共感覚者は、この区分けがされないまま大人になったということ。もしくは、区分けの壁が低く、すぐに隣の感覚領域に侵入してしまうのです。

よって、外から「音」の刺激が来ると「色」として反応する現象が起こります。

独特な感覚を持つ共感覚者は芸術家向き

共感覚者は、色に対するこだわりが強いとも言われています。その感性を活かして、芸術家として活躍する人も多い。

あの宮沢賢治も共感覚者で、「音楽を聴くとその情景が見える」と語ったとされています。
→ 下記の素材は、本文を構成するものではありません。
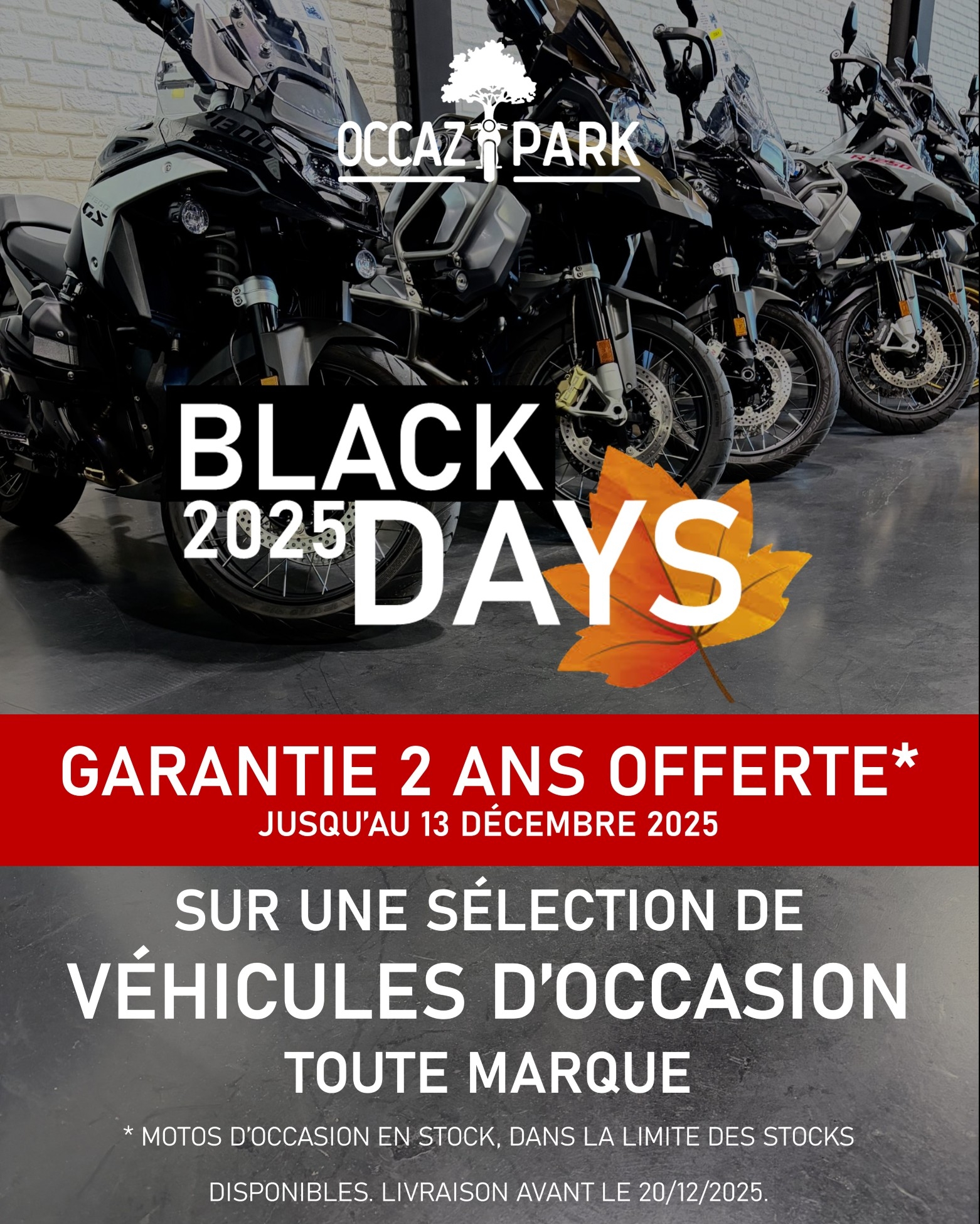 BLACK DAYS VO 2025 - OccazPark
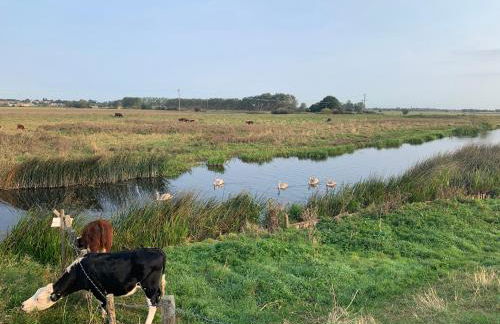 Willow Cottage at Gravel Farm - Photo 40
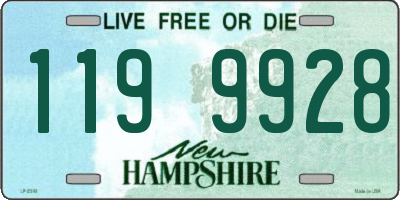 NH license plate 1199928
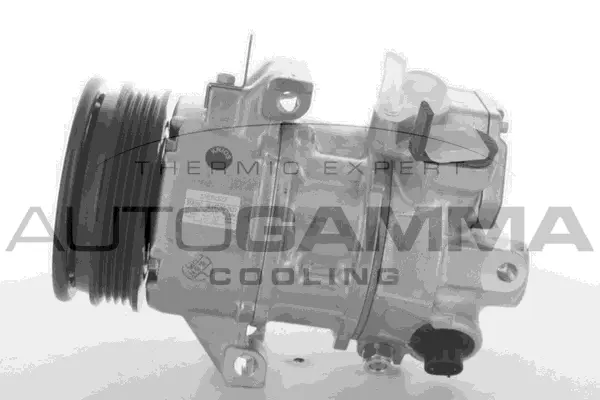Compressor, air conditioning (118384)
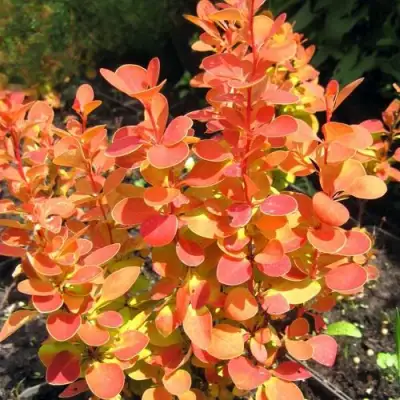 Барбарис ОРАНЖ ФАЙЕР тунберга в Рогачеве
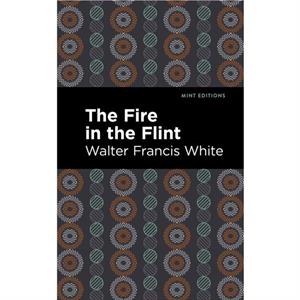 The Fire in the Flint by Walter Francis White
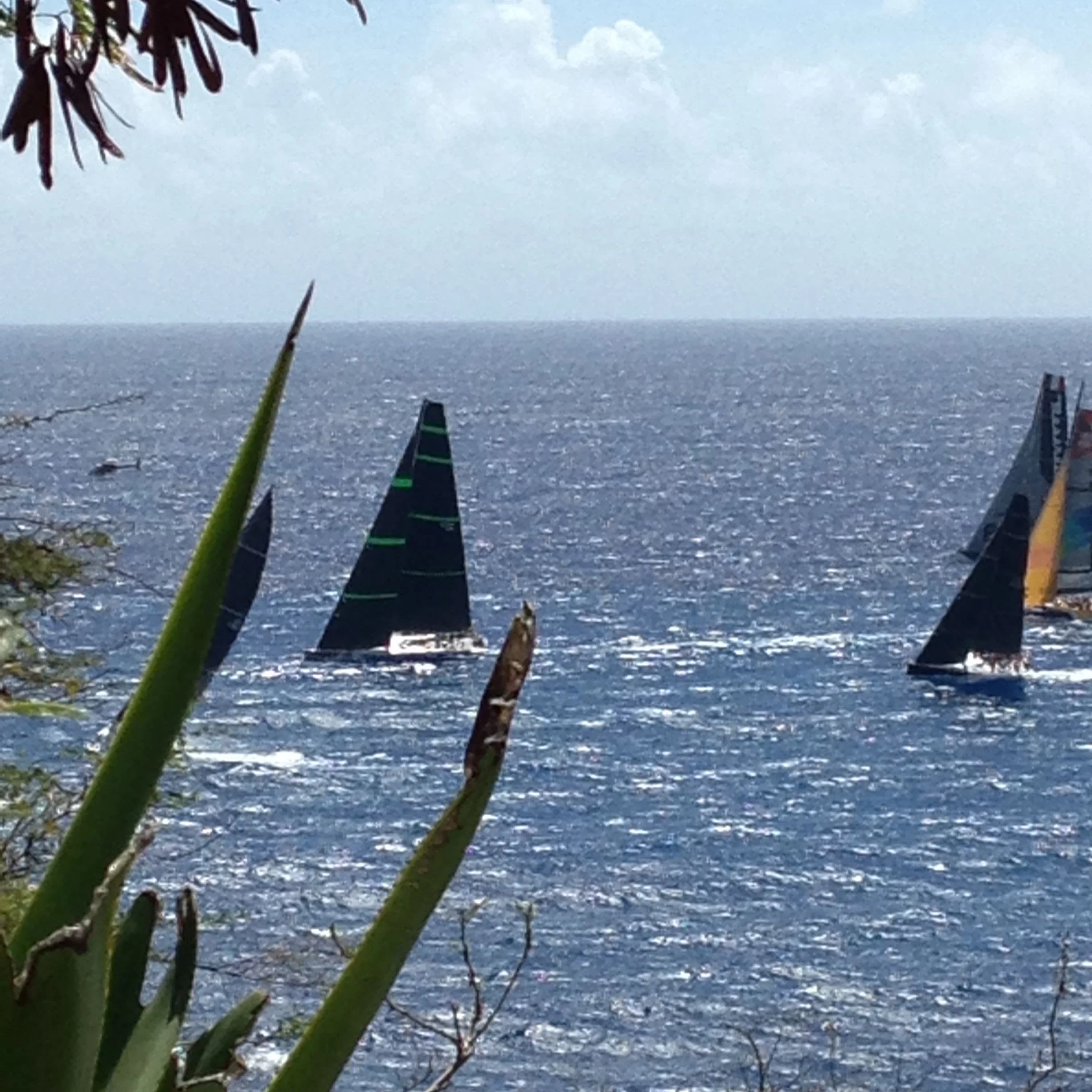RORC 600 Has Begun!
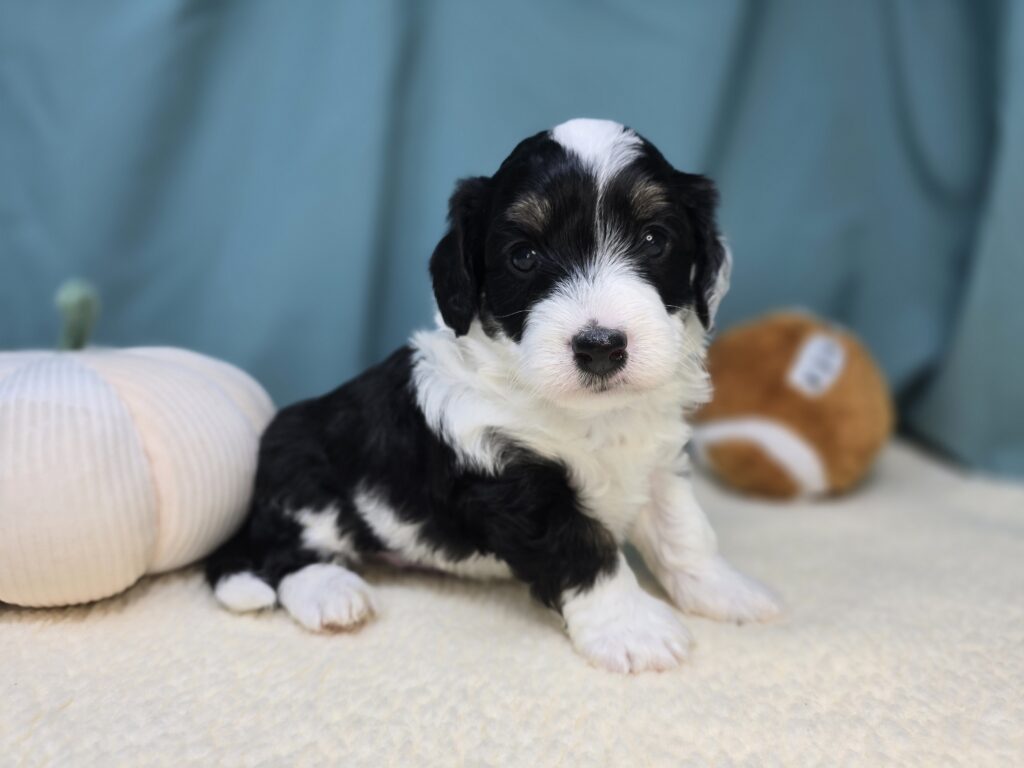 [#25968-02]  - Tri-Colored M Bernedoodle Puppies For Sale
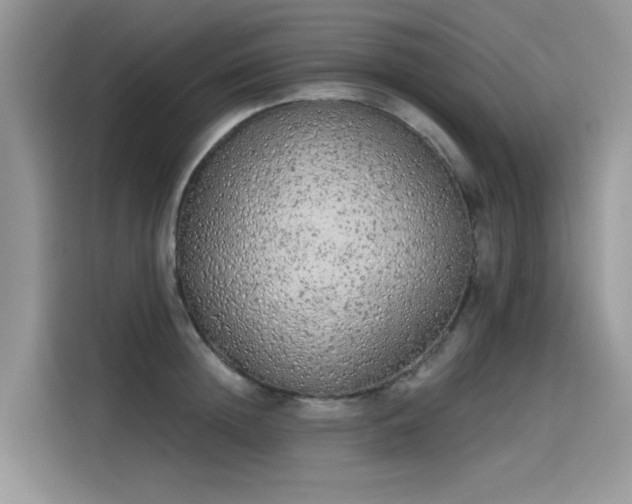 X0000115630852200911171334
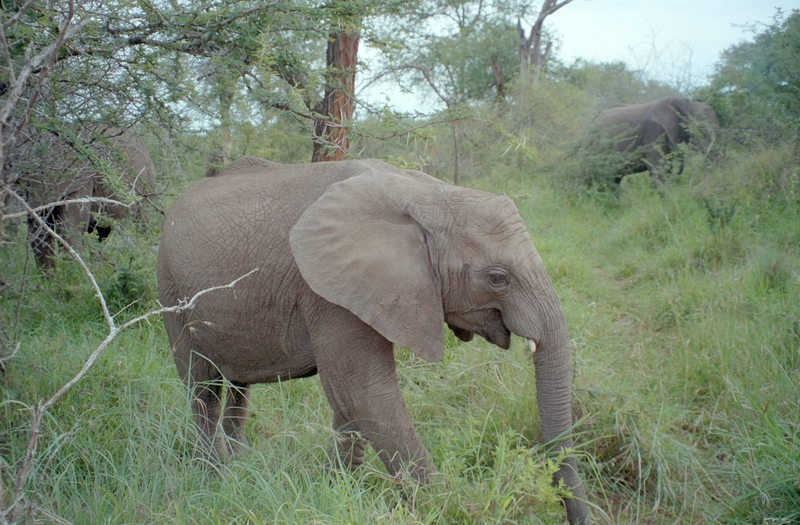 Elephant, Swaziland Safari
宮沢賢治は、ベートーヴェンの【皇帝】を聴いて、「何か悪魔が槍か何かを持って踊り出してくる」と発言したそう。

それから、エドヴァルト・ムンク。

【ムンクの叫び】は、散歩中に自然界にはない『叫び』を聞いたことが着想の元となっているそうです。彼は、色に音を感じたのかもしれないですね。

HSPの芸能人でも紹介した、牛田智大くん。

https://hsp-hss-ls.com/male-celebrity-hsp-and-work-technique/

彼は、TVの取材で、「譜面を見ると曲の情景を感じることができる」と言っていました。ひょっとしたら共感覚者かもしれませんね。

まとめ

通常とは違う感覚を持つことは、理解されにくいという点で苦しむかもしれません。

だけど、表現の場を持つことで、その才能を発揮して人々の心を豊かにすることができるんですね。